The following article originally appeared as part of a series titled "Down Home" in the Newfoundland Signal (published in Toronto) on August 2, 1976. In those days the author spent her summers on Red Island with her husband Denis and their daughter Krista. Reprinted by permission.

"Noah's Ark" Transports Family Plus All Pets to Small Island

by Lorna M. Ryan

RED ISLAND, Placentia Bay -- "Don't take so much of a load this time!"

Din says the same thing every spring when we're getting ready to leave Placentia for the island, and yet every spring we steam out through the Gut looking like Noah's Ark.

I'm actually pretty good at packing, but there's just so much we have to take with us. In the first place, there are the hens - six of them in their big travelling cage. The poor things are getting to be seasoned sailors by now, but they still don't like it. And then there's the rabbits in their cages, and the dog, and the guinea pig, and whatever other pets Krista has conned us into adopting over the winter.

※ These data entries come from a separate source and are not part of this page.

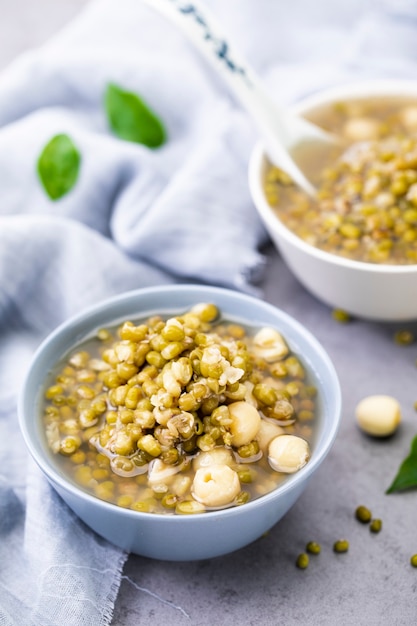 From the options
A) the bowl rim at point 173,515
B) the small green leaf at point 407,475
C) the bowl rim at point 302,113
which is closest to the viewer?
the bowl rim at point 173,515

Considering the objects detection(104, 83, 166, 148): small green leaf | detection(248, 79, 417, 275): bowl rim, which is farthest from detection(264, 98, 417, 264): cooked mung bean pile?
detection(104, 83, 166, 148): small green leaf

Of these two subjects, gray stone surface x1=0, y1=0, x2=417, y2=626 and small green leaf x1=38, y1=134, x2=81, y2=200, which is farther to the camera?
small green leaf x1=38, y1=134, x2=81, y2=200

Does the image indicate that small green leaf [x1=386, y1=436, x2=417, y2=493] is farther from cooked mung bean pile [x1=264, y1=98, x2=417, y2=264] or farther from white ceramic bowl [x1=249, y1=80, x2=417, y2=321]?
cooked mung bean pile [x1=264, y1=98, x2=417, y2=264]

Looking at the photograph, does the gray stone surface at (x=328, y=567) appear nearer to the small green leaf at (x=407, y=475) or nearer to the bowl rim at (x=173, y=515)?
the small green leaf at (x=407, y=475)

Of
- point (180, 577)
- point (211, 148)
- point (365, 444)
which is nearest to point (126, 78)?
point (211, 148)

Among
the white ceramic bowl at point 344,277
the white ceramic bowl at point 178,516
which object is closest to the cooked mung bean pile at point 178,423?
the white ceramic bowl at point 178,516

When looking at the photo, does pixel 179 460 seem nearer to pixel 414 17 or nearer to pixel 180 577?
pixel 180 577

The cages take up the whole bottom of the punt. Eight or nine boxes of food are fitted in with difficulty and the plastic bags of clothes and bedding are laid on top. At this point, Din frowns and says, "Is that all? There's no more room." I tell him, "There's only a couple more things dear," and begin handing down my plant boxes. He gives me his Martyred Husband look because there's at least ten of these boxes, all filled with little seedling that must be handled carefully and kept covered against the wind. There is also a box of books and writing materials (I can't live without something to read), and at least one box of toys. Krista always wants to take all her favourite dolls, which also happen to be the largest ones she owns, and we have quite a struggle with her about them every year.

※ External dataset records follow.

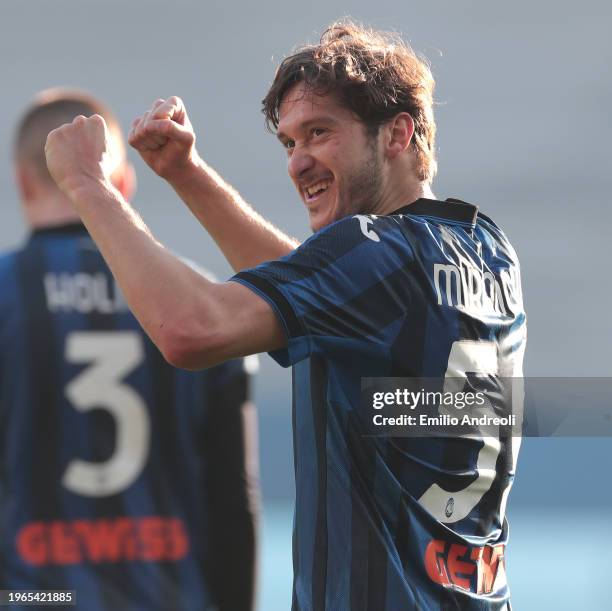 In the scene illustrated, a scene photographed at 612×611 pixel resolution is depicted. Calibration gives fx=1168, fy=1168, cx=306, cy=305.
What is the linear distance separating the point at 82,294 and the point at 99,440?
0.34 metres

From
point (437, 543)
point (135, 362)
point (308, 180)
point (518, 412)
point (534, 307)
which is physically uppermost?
point (534, 307)

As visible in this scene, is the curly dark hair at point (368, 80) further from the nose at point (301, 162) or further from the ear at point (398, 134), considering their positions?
the nose at point (301, 162)

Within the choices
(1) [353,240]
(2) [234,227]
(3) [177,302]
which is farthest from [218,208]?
(3) [177,302]

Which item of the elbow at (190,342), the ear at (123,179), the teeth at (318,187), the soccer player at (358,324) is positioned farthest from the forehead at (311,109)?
the elbow at (190,342)

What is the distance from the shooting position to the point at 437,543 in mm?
1931

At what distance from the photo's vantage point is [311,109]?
222cm

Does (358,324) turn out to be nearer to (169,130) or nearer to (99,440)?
(169,130)

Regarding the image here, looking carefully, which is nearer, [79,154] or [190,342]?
[190,342]

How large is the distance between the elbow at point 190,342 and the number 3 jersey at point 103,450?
992mm

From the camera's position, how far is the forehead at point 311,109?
2215 millimetres

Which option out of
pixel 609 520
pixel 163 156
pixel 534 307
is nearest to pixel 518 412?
pixel 163 156

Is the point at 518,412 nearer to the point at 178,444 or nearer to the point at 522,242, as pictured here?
the point at 178,444

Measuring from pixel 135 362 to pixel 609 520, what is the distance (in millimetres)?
7234

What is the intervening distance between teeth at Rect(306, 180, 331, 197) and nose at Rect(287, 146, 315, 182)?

By this time a small crowd of idlers has gathered on the wharf, watching, and some old-timer can't resist asking Din where we're going and how long we expect to stay. Din glares at him disgustedly. The boat is riding well down in the water and any fool can see we're obviously leaving on a six-month voyage to the South pole.

Hastily, he lets go the ropes before I can think of anything else to bring, and we get away. Krista and I are crammed into a tiny cubbyhole up forward and Din stands holding the tiller ropes, in the middle pound. We are temporarily no longer on speaking terms, but at least we're finally on our way.

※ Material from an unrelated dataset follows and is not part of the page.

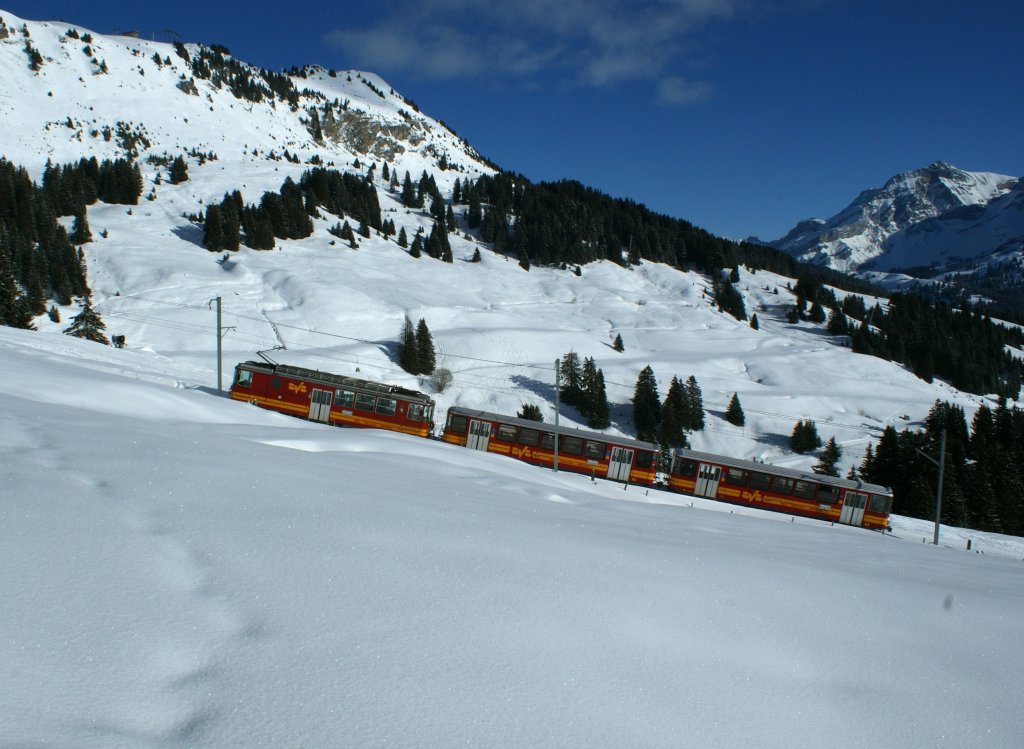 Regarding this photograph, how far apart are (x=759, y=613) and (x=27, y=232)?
77.6 metres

The crossing is fun at first; it's always wonderful to feel the rhythmic rise and fall of the lop again after a long winter on land. But twelve miles later, nearing the harbour, I'm tired and cold and dying for a hot cup of tea.

They see us coming, and five or six fellows come out on the wharf to meet us and give us a hand with the bozes. Tom grins widely and personally takes charge of the case of Blue Star. The house fills up fast, bottles are opened, and the talk turns to lobstering.

"What about Bar Haven, Din? How're Johnny and them doin?"

"B'ye, they sold seven hundert'n forty pound last week, and over eight hundert t'week before. They're cleanin' her."

"Lobsters is getting' scarce here now. We only got 18 this morning, out of 42 pots. Got five undersize and huv away two spawners."

"Shockin' b'ye, nuthin' at all these past t'ree mornin's now."

The talk goes on and on. I cup my hands around my mug of tea and watch Din shove another stick into the stove and then put the lifter down on the grate. It's some good to be home again.